# P35 and P35L



## Town (7 Jan 2009)

What is the difference, if any, between the P35 and P35L. Are there two seperate returns to be made?


----------



## papervalue (7 Jan 2009)

Town said:


> What is the difference, if any, between the P35 and P35L. Are there two seperate returns to be made?


 

Both P35 and P35L are part of the same form.

The P35 Declaration- Summary of paye/prsi due.

P35L - Contains employee details of what you paid them and taxes deducted.

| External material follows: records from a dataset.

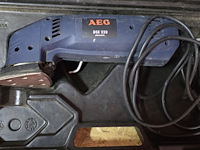 Lot 36 - driehoek schuurmachine aeg in koffer - afbeelding 2 van  2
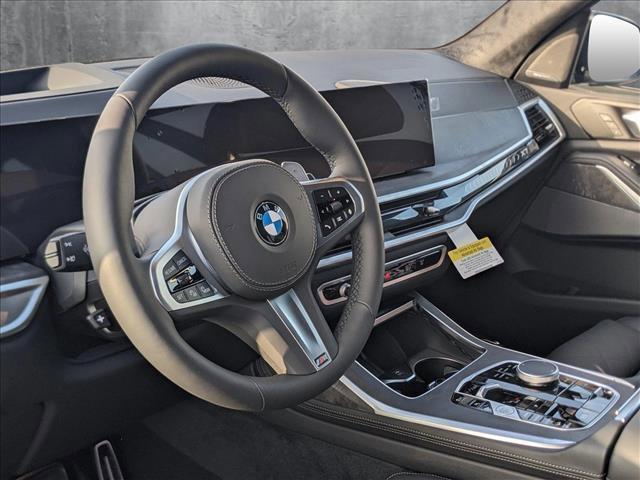 new 2025 BMW X7 car, priced at $93,335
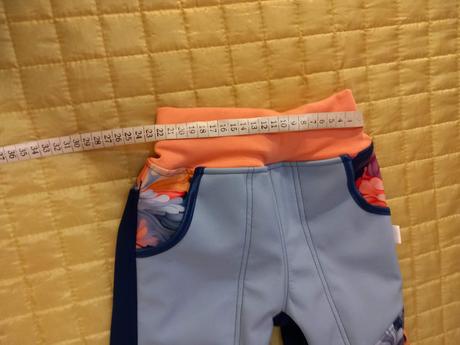 Softshellová souprava, 104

Total info from P35L is transferred to P35 declaration page

Must file both


----------



## Town (7 Jan 2009)

My ROS only shows the P35L return. Is this correct?


----------



## Graham_07 (7 Jan 2009)

Town said:


> My ROS only shows the P35L return. Is this correct?


 
Yes, when you complete the P35/L the P-35 generates on the submission screen. If you have paid direct debits or cheque payments they will be credited and ROS will show the balance due. Bear in mind that if you are paying by direct debit during the year, the January dd is for December so if you file the P35 before the January dd has been paid ROS will show the balance before that payment. You need to remember to take that into account when arriving at any real balance due.


----------



## Nostromo (11 Feb 2009)

> If you have paid direct debits or cheque payments they will be credited
> and ROS will show the balance due

What about Tax Credits?  The P35L screen has a space for Tax Credits but figures entered don't appear to have any effect on the balance due that ROS calculates for the submission screen...  

[Do we have to pay now and claim back later with Form 11/12s (which do take account of credits)?  I'm sure the Tax Credits - basic married person, Eu3660 - was taken into account in last year's P35...]

Thanks,
N.


----------



## Graham_07 (11 Feb 2009)

Nostromo said:


> > If you have paid direct debits or cheque payments they will be credited
> > and ROS will show the balance due
> 
> What about Tax Credits? The P35L screen has a space for Tax Credits but figures entered don't appear to have any effect on the balance due that ROS calculates for the submission screen...
> ...


 
The Tax Credits on P-35 are narrative only they have no bearing on any computation for the employer submission. 

As far as the employee is concerned it is up to them to file separately for any balancing statements. It has nothing to do with the employer.


----------